> [PROBLEM DETAILS]
Nothing but the pictures is dropped; write out all the remaining data below exactly.

> [PROVIDED RECORDS]
***

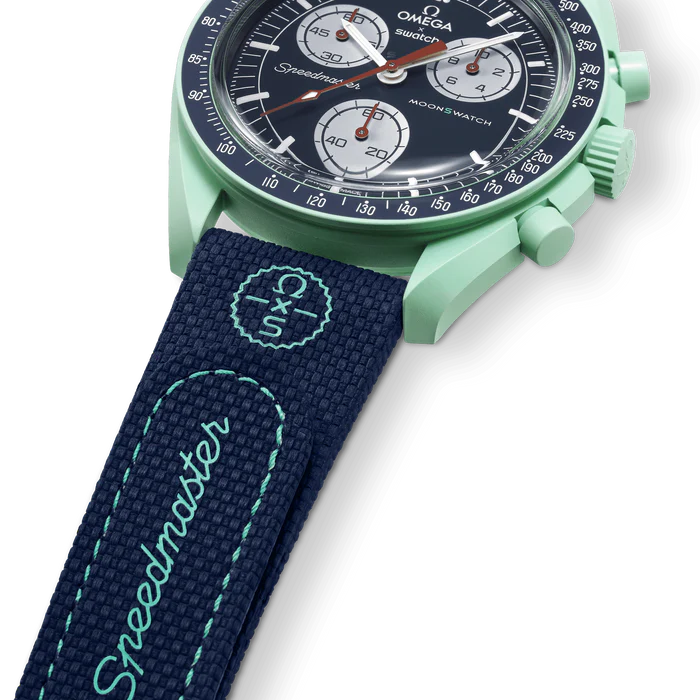 MOONSWATCH BORRACHA AZUL ESCURO/VERDE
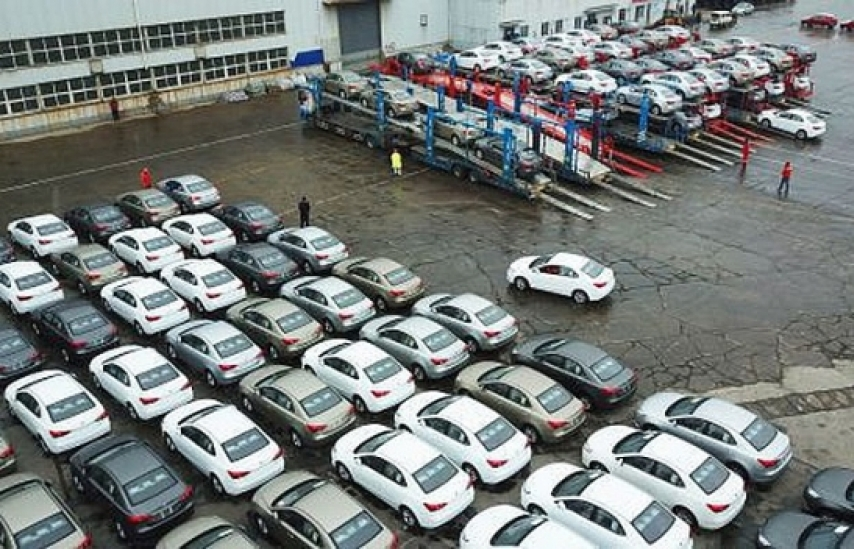 Doanh số bán ô tô tại thị trường Trung Quốc giảm mạnh trong tháng 1/2019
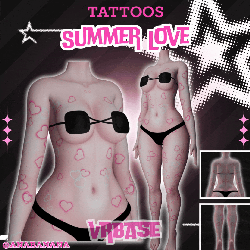 ❤️ Summer Love Tatts | Multi-Base Compatible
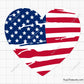 USA Flag Heart Svg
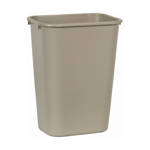 Rubbermaid FG295700BEIG Wastebasket, Large, Beige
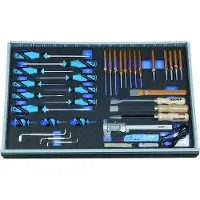 Gedore 2005 CT4-2160-119 Werkzeugsortiment in Check-Tool-Modul 36-teilig, 2016435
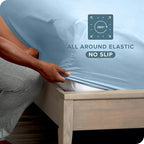 Bare Home 2-Pack Fitted Bottom Sheets Twin - Image 3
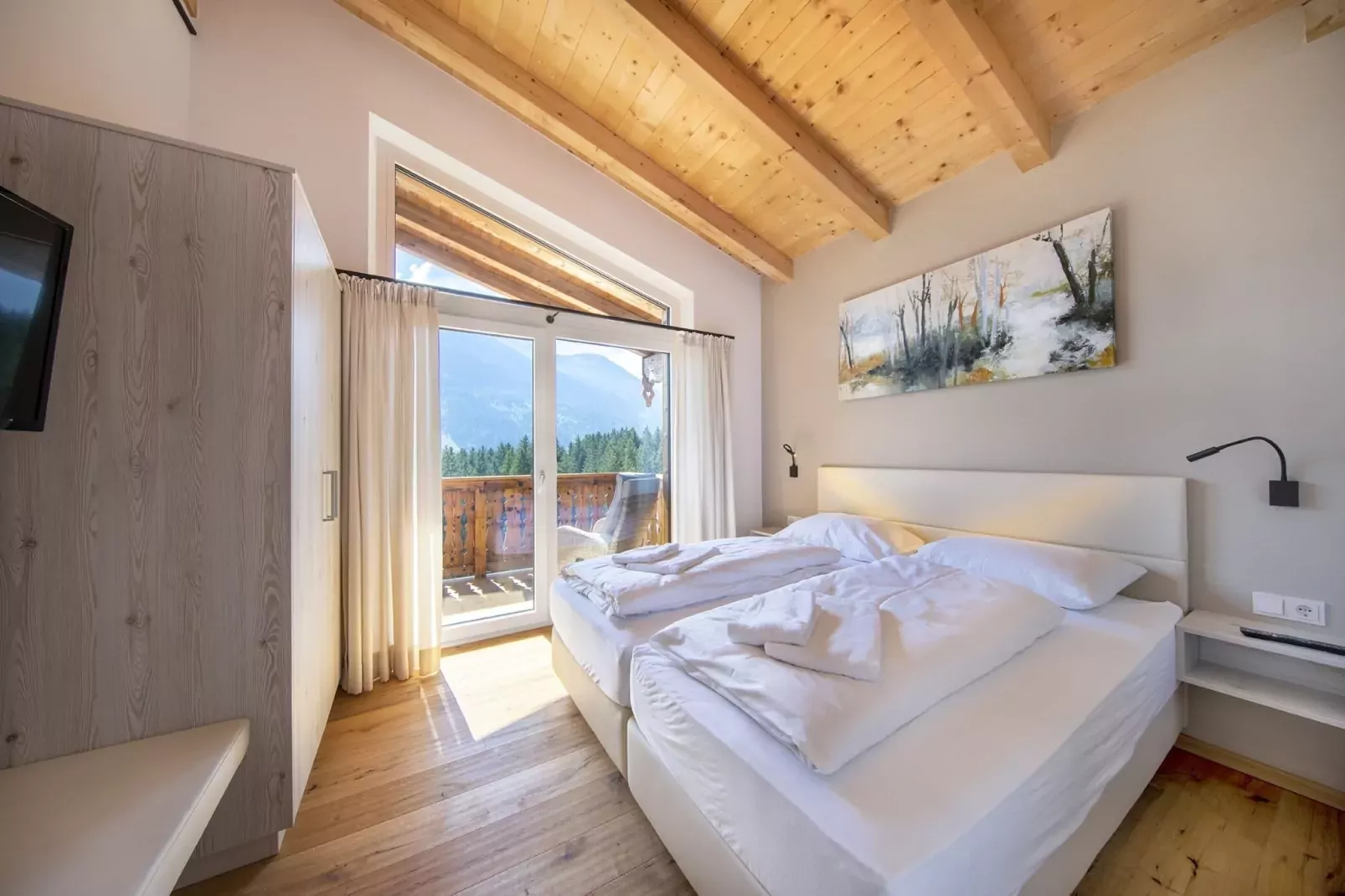 Nationalpark Chalet Pillewizer-Slaapkamer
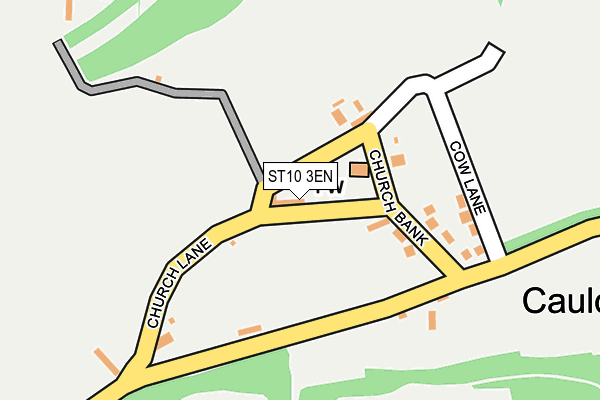 ST10 3EN map - OS OpenMap – Local (Ordnance Survey)
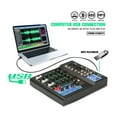 thumbnail image 3 of 4-7 Channel 24 DSP USB Mixer Interface Portable Mixing Soundcard Console Sound Card For DJ PC Recording, 3 of 5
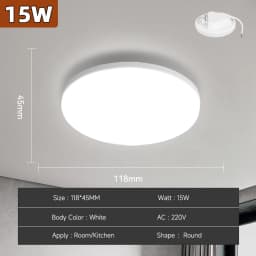 LED Ceiling Lamps Modern Ceil Light 18/30/40/72W Led 220V Ceiling Lights Round Living Room Bedroom Indoor Kitchen Lighting Lamp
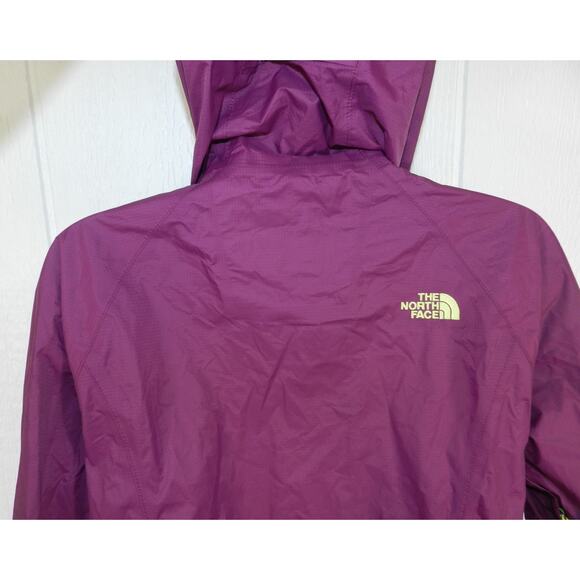 Women's North Face Petite Hooded Rain Jacket Size S Purple - Picture 11 of 12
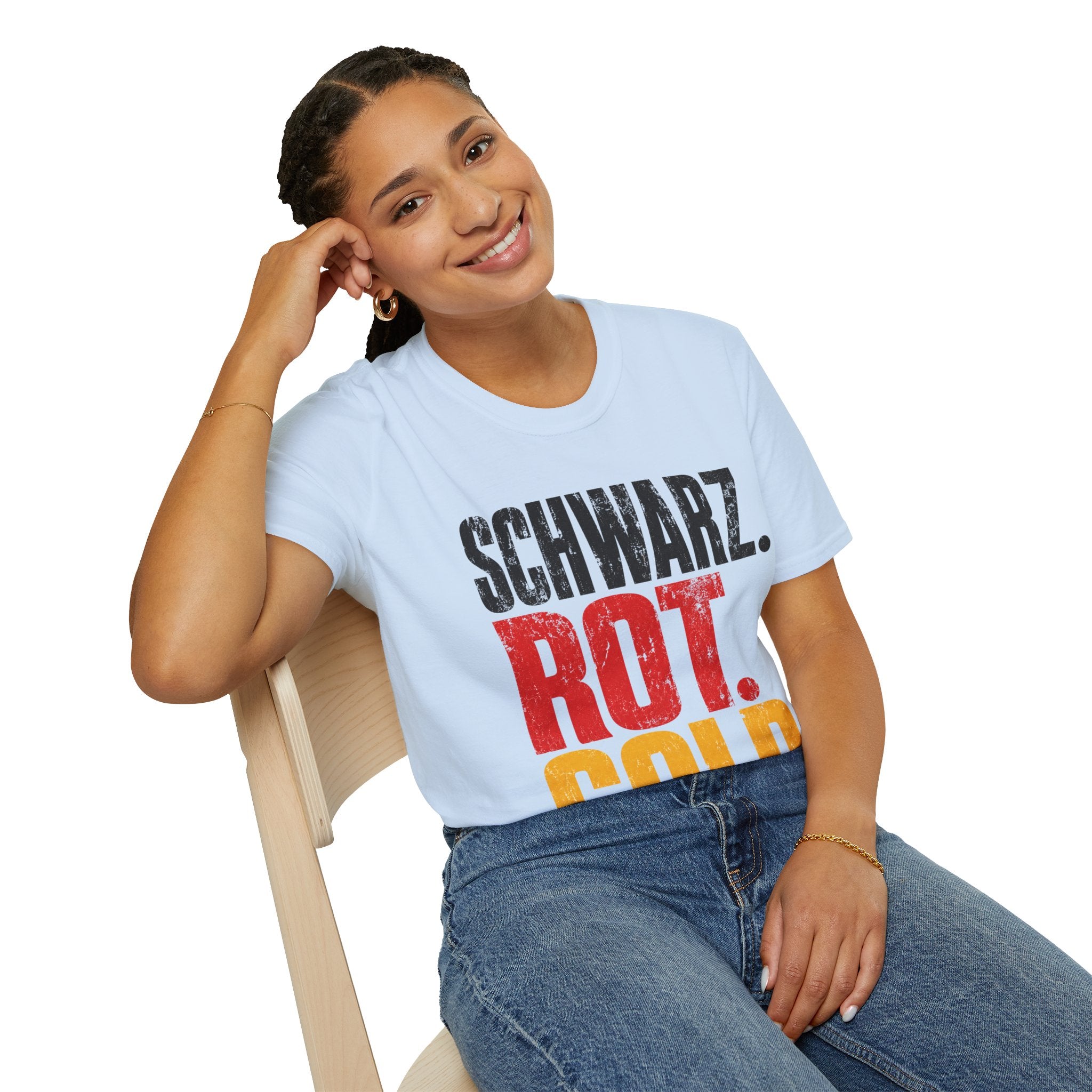 Germany Schwarz Rot Gold T-Shirt — German Flag Pride Graphic Tee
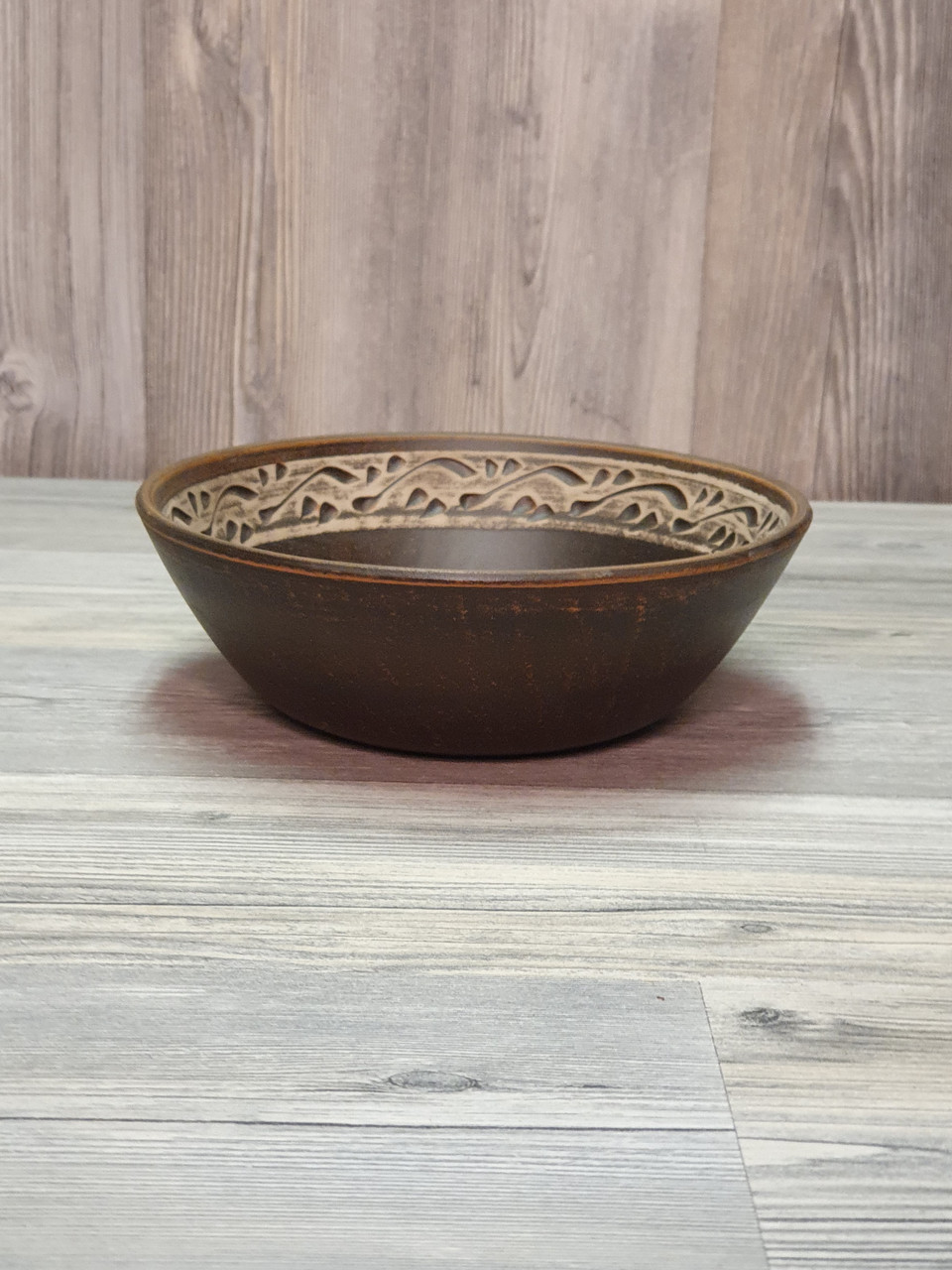 Піала, глиняна (з червоної глини), 0,5 л.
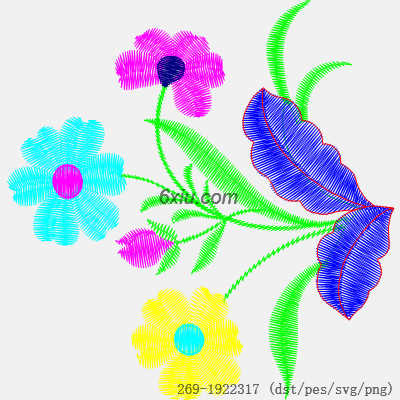 svg矢量绣花图下载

***

> [ANSWER SPACE]
 MOONSWATCH BORRACHA AZUL ESCURO/VERDE
 Doanh số bán ô tô tại thị trường Trung Quốc giảm mạnh trong tháng 1/2019
 ❤️ Summer Love Tatts | Multi-Base Compatible
 USA Flag Heart Svg
 Rubbermaid FG295700BEIG Wastebasket, Large, Beige
 Gedore 2005 CT4-2160-119 Werkzeugsortiment in Check-Tool-Modul 36-teilig, 2016435
 Bare Home 2-Pack Fitted Bottom Sheets Twin - Image 3
 Nationalpark Chalet Pillewizer-Slaapkamer
 ST10 3EN map - OS OpenMap – Local (Ordnance Survey)
 thumbnail image 3 of 4-7 Channel 24 DSP USB Mixer Interface Portable Mixing Soundcard Console Sound Card For DJ PC Recording, 3 of 5
 LED Ceiling Lamps Modern Ceil Light 18/30/40/72W Led 220V Ceiling Lights Round Living Room Bedroom Indoor Kitchen Lighting Lamp
 Women's North Face Petite Hooded Rain Jacket Size S Purple - Picture 11 of 12
 Germany Schwarz Rot Gold T-Shirt — German Flag Pride Graphic Tee
 Піала, глиняна (з червоної глини), 0,5 л.
 svg矢量绣花图下载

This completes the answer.